● **WHAT IS BEING ASKED**: If an entry below contains an image, drop the image and retype the rest exactly.

Image-text web data:
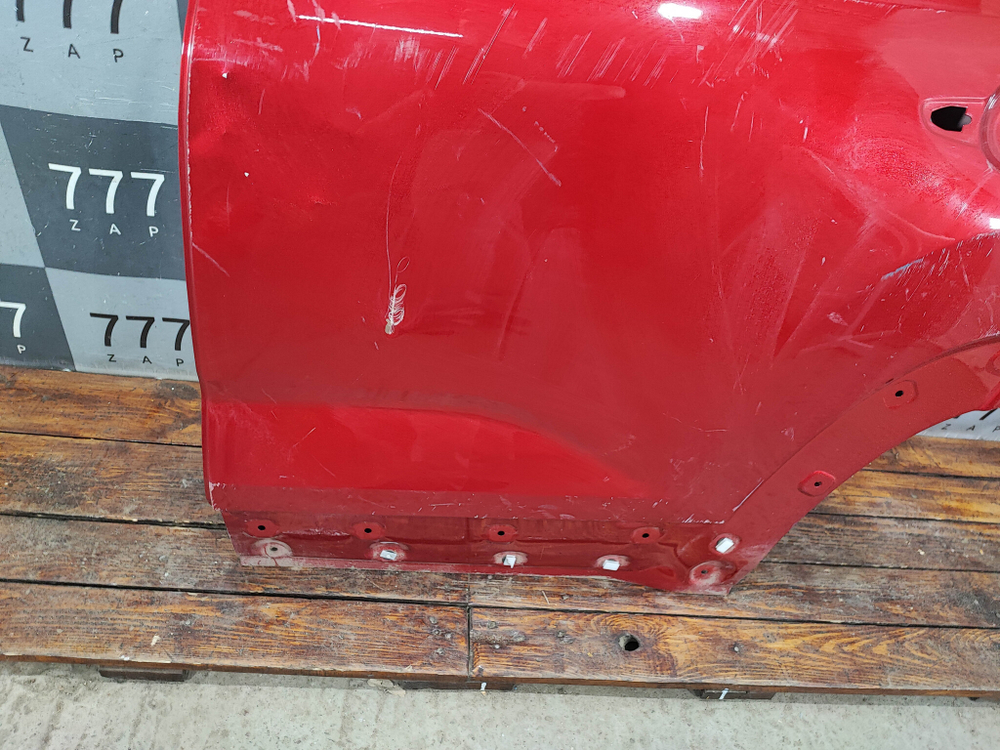 Дверь задняя левая Changan CS35PLUS 18-нв Б/У Оригинал S111F2701030800AB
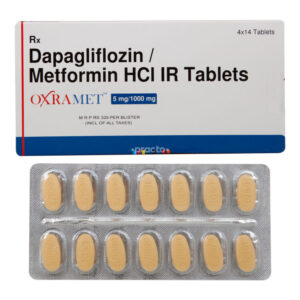 옥스라메트(Oxramet)란?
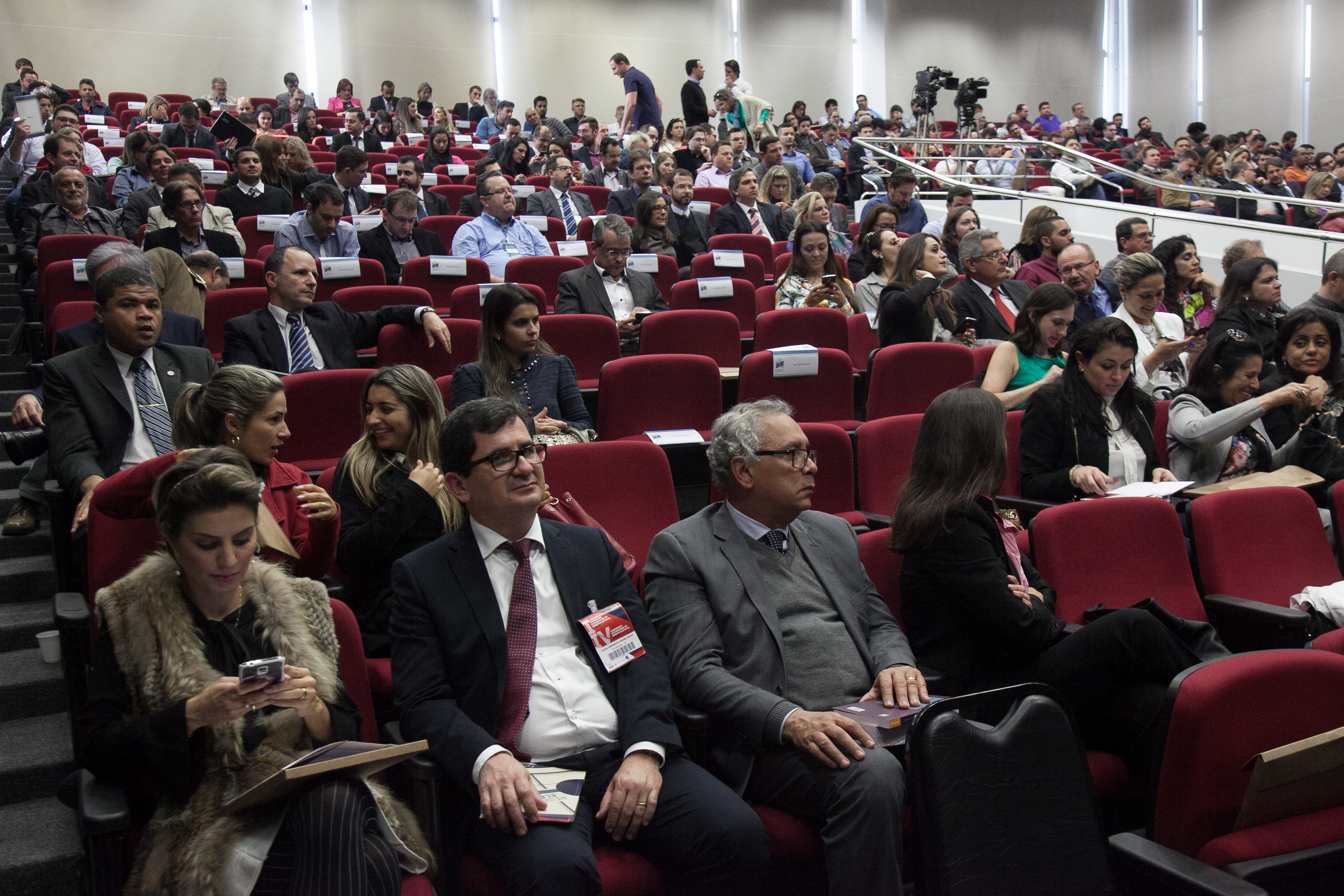 IV Congresso Catarinense de Direito Eleitoral.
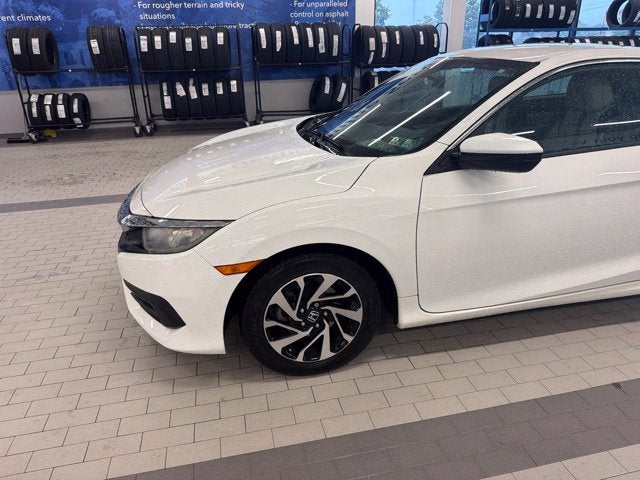 2018 Honda Civic LX **LOW MILES**
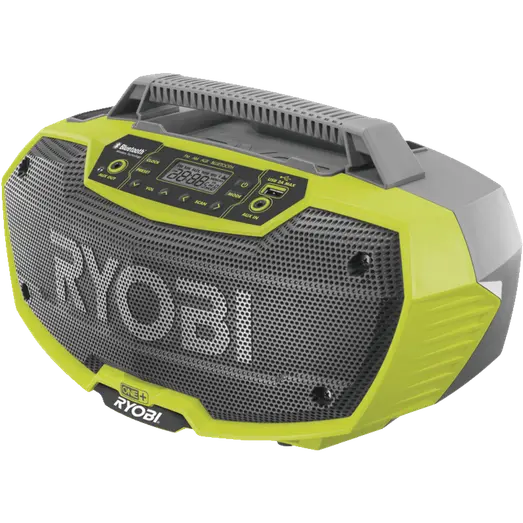 Ryobi R18RH-0 bluetooth radio 18V ONE+ solo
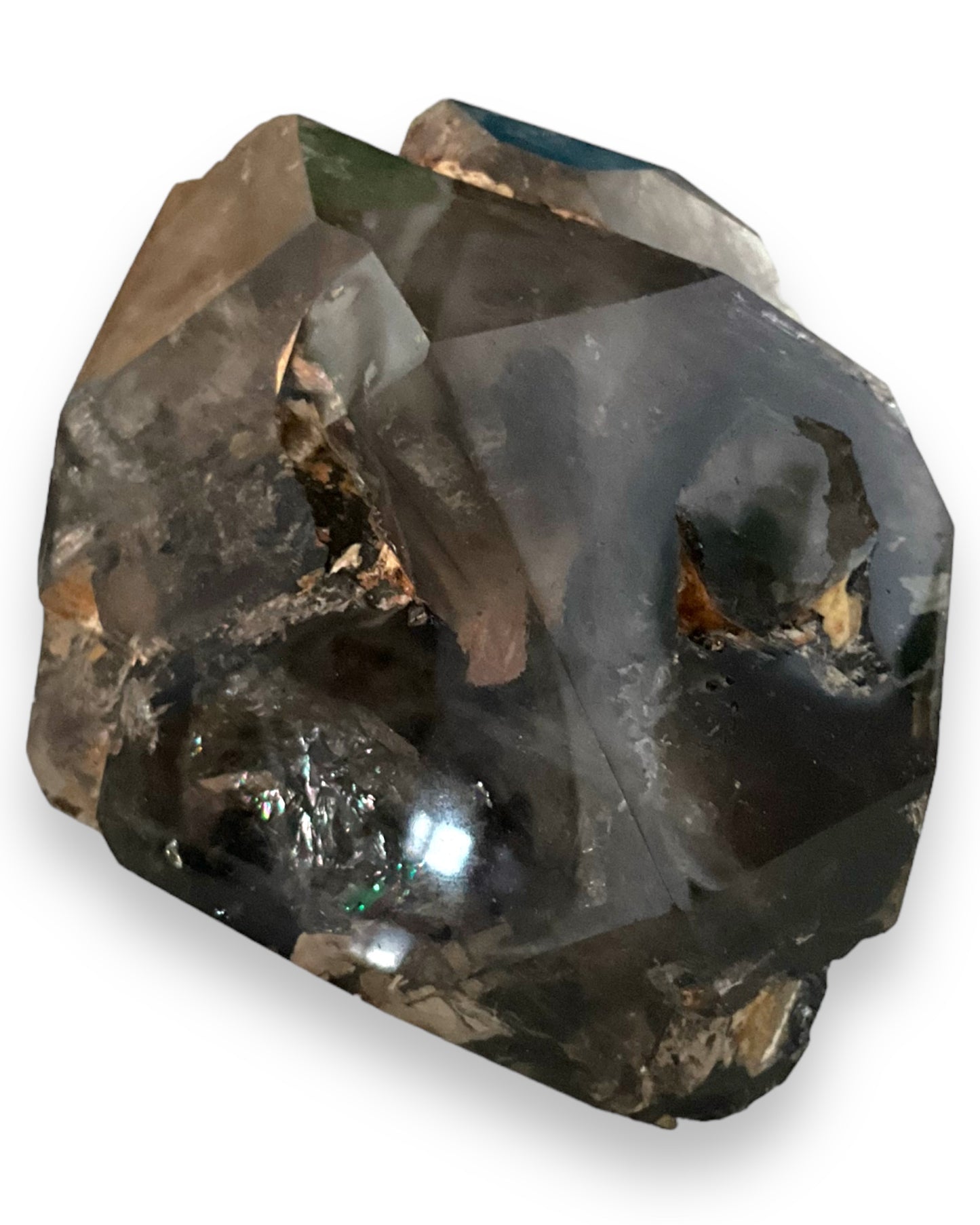 Elestial Quartz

● **ANSWER SPACE**:
 Дверь задняя левая Changan CS35PLUS 18-нв Б/У Оригинал S111F2701030800AB
 옥스라메트(Oxramet)란?
 IV Congresso Catarinense de Direito Eleitoral.
 2018 Honda Civic LX **LOW MILES**
 Ryobi R18RH-0 bluetooth radio 18V ONE+ solo
 Elestial Quartz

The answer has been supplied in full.